Mother, Not BFF

This past Mother’s Day was just another day to me. I love my mom to death and would want nothing more but to see her happy but I just don’t get into the hype of the day (or any of these national commercialized holidays but that’s a story for another day). As I read through all the “my mother is my best friend posts”, I took the time to reflect on our relationship. It honestly hasn’t been the best always and at this day and age I know for a fact that living under the same roof makes it worse. I know so many people who have lost their moms and would do anything to have them back so I try my hardest to cherish mine while she’s here but Lord knows that woman can irritate me so bad.

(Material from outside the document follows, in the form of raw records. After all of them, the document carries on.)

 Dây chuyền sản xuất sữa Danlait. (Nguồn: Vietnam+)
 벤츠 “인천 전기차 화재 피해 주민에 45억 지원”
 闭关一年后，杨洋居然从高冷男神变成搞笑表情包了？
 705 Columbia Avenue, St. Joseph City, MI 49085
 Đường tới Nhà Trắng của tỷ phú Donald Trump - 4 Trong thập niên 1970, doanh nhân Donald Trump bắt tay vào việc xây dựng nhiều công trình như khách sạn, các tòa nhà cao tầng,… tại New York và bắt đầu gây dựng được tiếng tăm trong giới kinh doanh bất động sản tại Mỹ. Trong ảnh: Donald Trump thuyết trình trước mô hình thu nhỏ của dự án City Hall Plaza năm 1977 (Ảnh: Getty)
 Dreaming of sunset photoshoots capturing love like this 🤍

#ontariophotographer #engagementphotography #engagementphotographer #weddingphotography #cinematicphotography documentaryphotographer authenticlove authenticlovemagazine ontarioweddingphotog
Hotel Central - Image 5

My mother has a smart mouth and is very emotional – that Cancer sign is a beast – and I know I get some of my ways from her. But then I know I’m different because where she gets off from yelling and screaming in arguments, I just say what I have to say and then I’m done. (Don’t get me wrong I’ve tried the yelling and screaming thing and it is tiresome… like I legit get sick of myself during the argument and get a headache. If you can do this the whole argument something is wrong lol) She probably hates that I do that but I don’t like headaches so that’s how it will be. My mouth used to get me in trouble so much with her – still does and I’m grown now – so we used to go at it a lot. I took her through hell. We went through things and I blamed her. It is what it is now.

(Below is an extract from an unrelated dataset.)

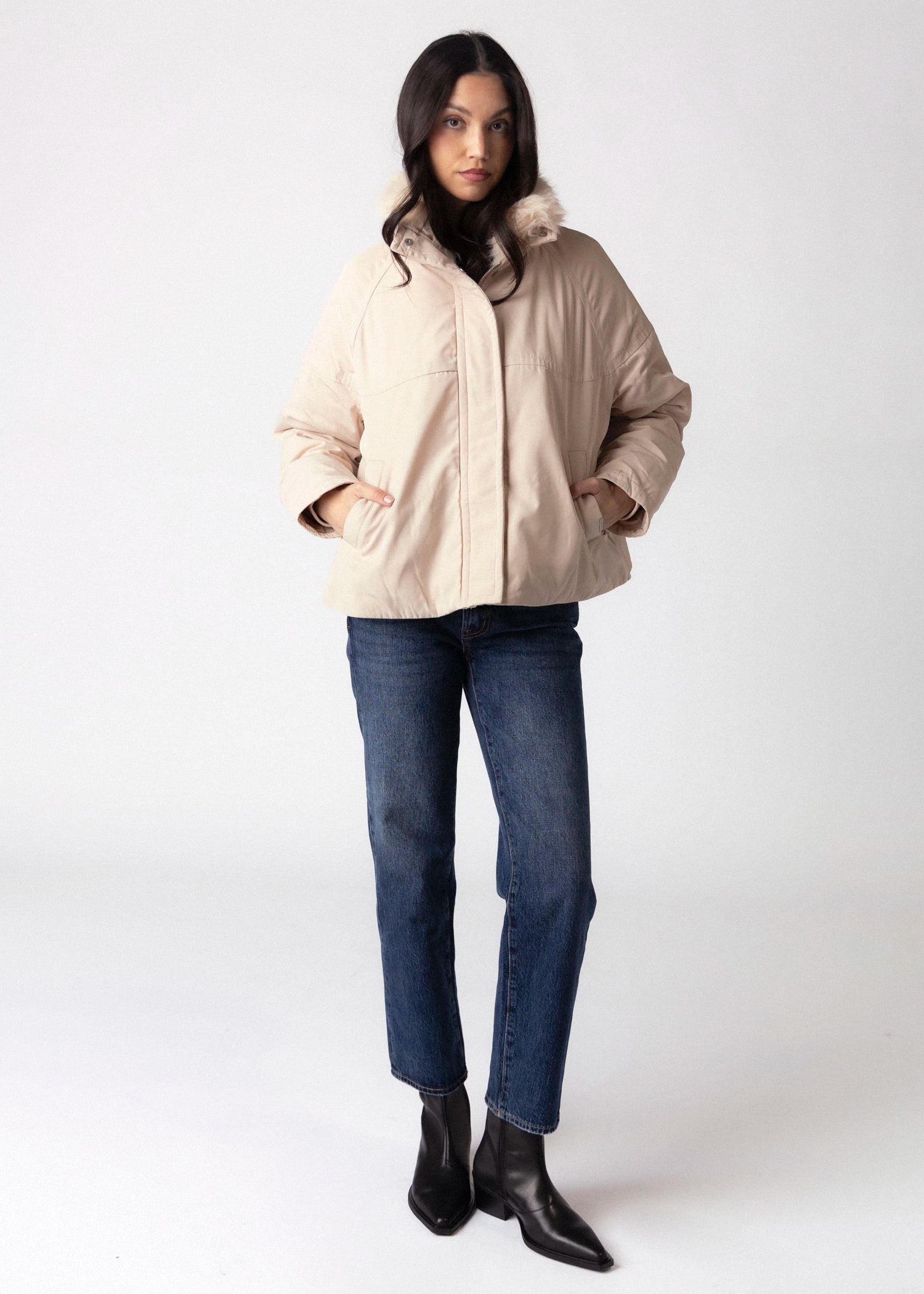 swatch_Oat rino and pelle nanne faux fur collar jacket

Yesterday when I was talking to my Link group about my mom, I told them I felt she tried to push us into the bff relationship that she and her mom had. My grandmother died when I was one so I guess my mom just wanted to fill the void with me. I’m not the type to be pushed into anything though, I’m stubborn as all get out. On top of that I felt like she used to insert herself in situations that I didn’t want or even need her input in. She didn’t trust how well she raised me in certain scenarios to get through it myself. Because of this I pushed back and did the opposite of what I knew was right just to spite her. The more she started backing off, the better our relationship got. I would start coming to her for advice and asking her opinion on things just because she wasn’t trying to insert herself in every detail of my life. That’s where we are right now, learning the boundaries of our lives.

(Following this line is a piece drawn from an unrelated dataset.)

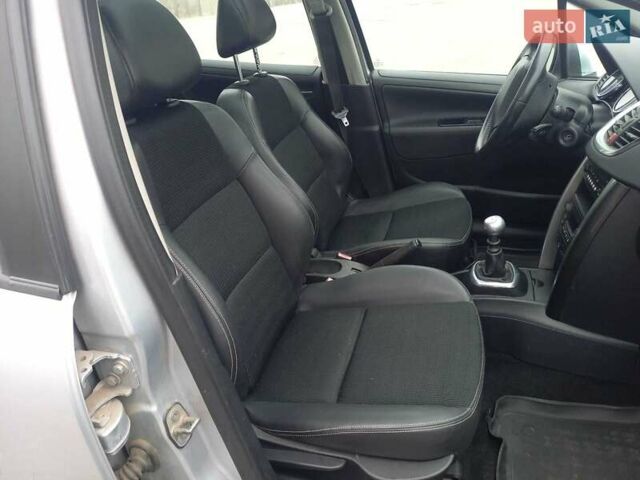 Сірий Пежо 207, об'ємом двигуна 1.6 л та пробігом 200 тис. км за 4600 $, фото 16 на Automoto.ua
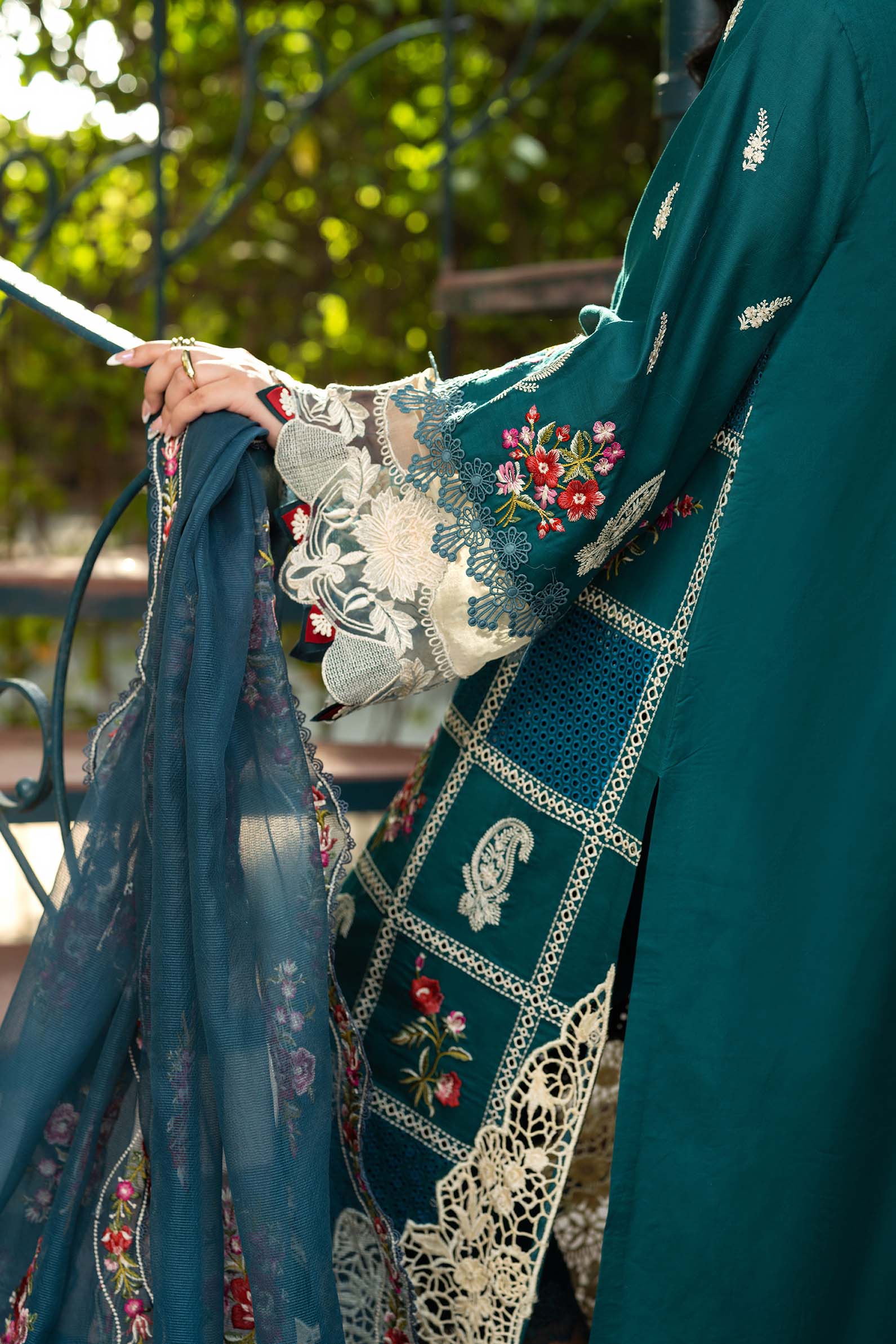 Maryam Hussain | Luxury Lawn 25 | Neelum - by - Libasekhas UK - Registered Vendor of : Maryam Hussain - 100% Original Designer Dresss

For the most part things are good. I’m that person that still asks my mom silly questions and uses her as my at home therapist. I love saying “if my mama agrees with me then I know I’m right” or “mama could you watch your grand puppy pls” and knowing she has my back on both. We still have a little ways to go, some things to heal through, but I’m happy with our progress. My mother isn’t my bff and that’s cool because she’s my mom… and that’s just enough for me.